- From: Jukka K. Korpela <jkorpela@cs.tut.fi>
- Date: Sun, 18 Sep 2005 08:42:19 +0300 (EEST)
- To: "john.angela@flyslikeabird.com" <john.angela@flyslikeabird.com>
- Cc: www-validator-css@w3.org
On Sat, 17 Sep 2005, john.angela@flyslikeabird.com wrote:
> The validator demands a background colour
No, it issues a warning based on accessibility recommendations.
> so I set it as transparent.
Are you sure it is best to let the background color of the enclosing
element shine through? No matter what that color is? (It might be set in a
browser style sheet, or user style sheet.)
> A colour would run across graphics.
Indeed.
> Yet the validator still
> demands a background colour.
No, it does not. There's probably something wrong in the message's
formulation if you a) interpreted it as an error message and
b) did not understand the point in its recommendation.
The misleading use of the word "validator" in the name of the program
probably explains a) in part.
The main reason for b) is that this is a very difficult topic. Your
understanding of CSS, especially inheritance and cascade, is well measured
by your understanding of this issue, and I'm afraid most authors who use
CSS never get the idea.
The background color is relevant even to elements that contain nothing but
images and even to elements that have a background image.

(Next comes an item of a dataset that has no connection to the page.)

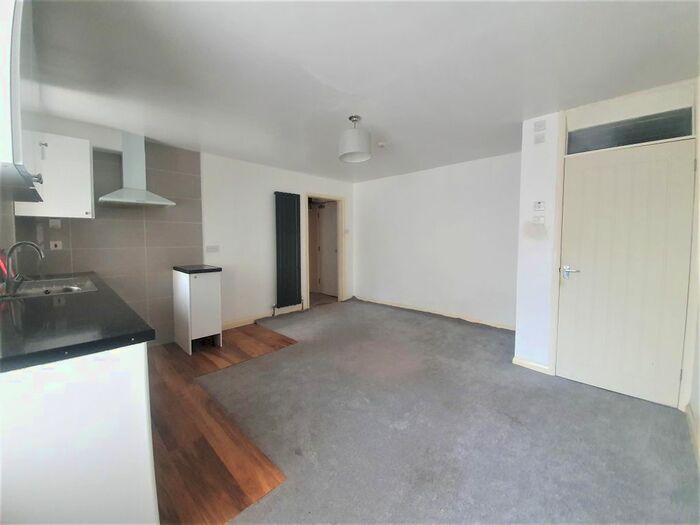 1 Bedroom Flat To Rent In Esplanade Road, Paignton, TQ4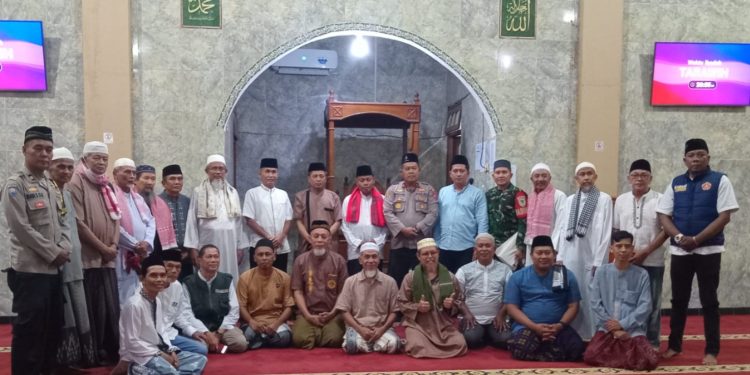 Tarawih Keliling, Polsek Purwakarta Kota Sampaikan Pesan Kamtibmas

Consider what
happens on a browser that will not display some or all of images, for one
reason or another.
As regards to why transparent might not be good value, consider, for
example, the following user style sheet
* { background: black; color: white; }
when the author's style sheet sets just a background color (say, white or
something light) for the body element and uses black as the text color.